**Records supplied**
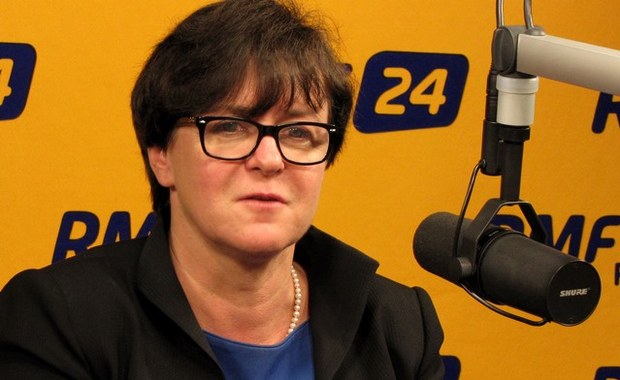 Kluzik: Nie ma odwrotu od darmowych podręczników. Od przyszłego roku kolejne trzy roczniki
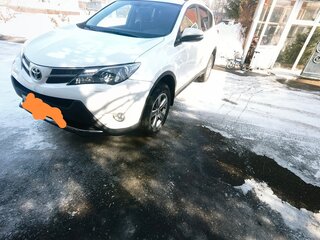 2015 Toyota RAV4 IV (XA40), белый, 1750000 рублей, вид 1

* * *

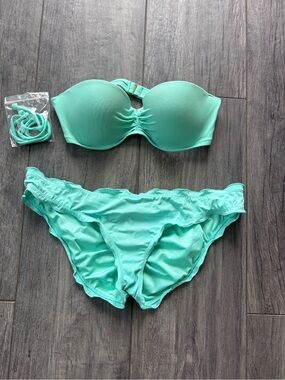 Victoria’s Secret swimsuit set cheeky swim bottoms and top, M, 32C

...

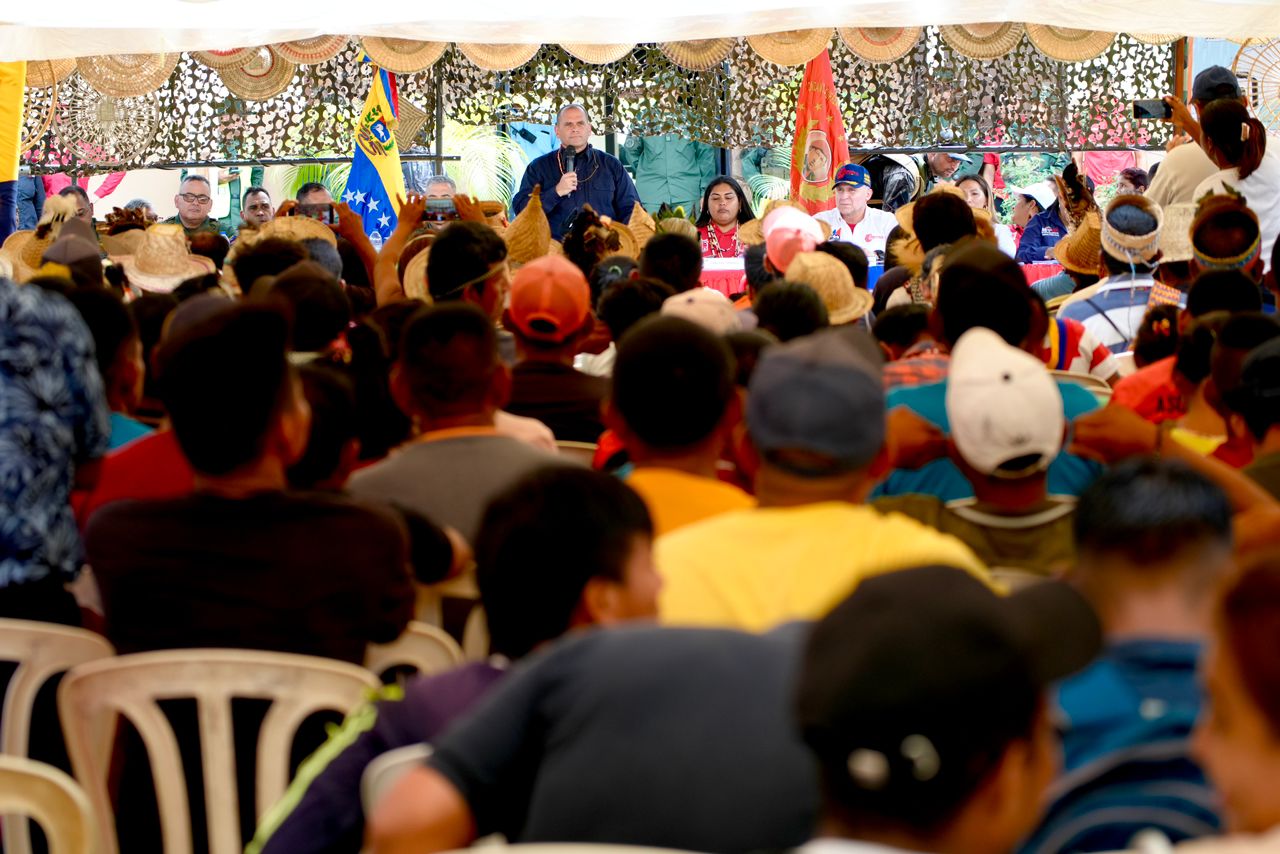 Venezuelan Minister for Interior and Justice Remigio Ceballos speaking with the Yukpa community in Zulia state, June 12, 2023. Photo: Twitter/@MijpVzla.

**Exercise**
In the records above, find the line with "Kluzik: Nie ma" and the line with "2015 Toyota RAV4". Write out exactly those lines and every one between, with no pictures and no other lines.

**Answer below**
 Kluzik: Nie ma odwrotu od darmowych podręczników. Od przyszłego roku kolejne trzy roczniki
 2015 Toyota RAV4 IV (XA40), белый, 1750000 рублей, вид 1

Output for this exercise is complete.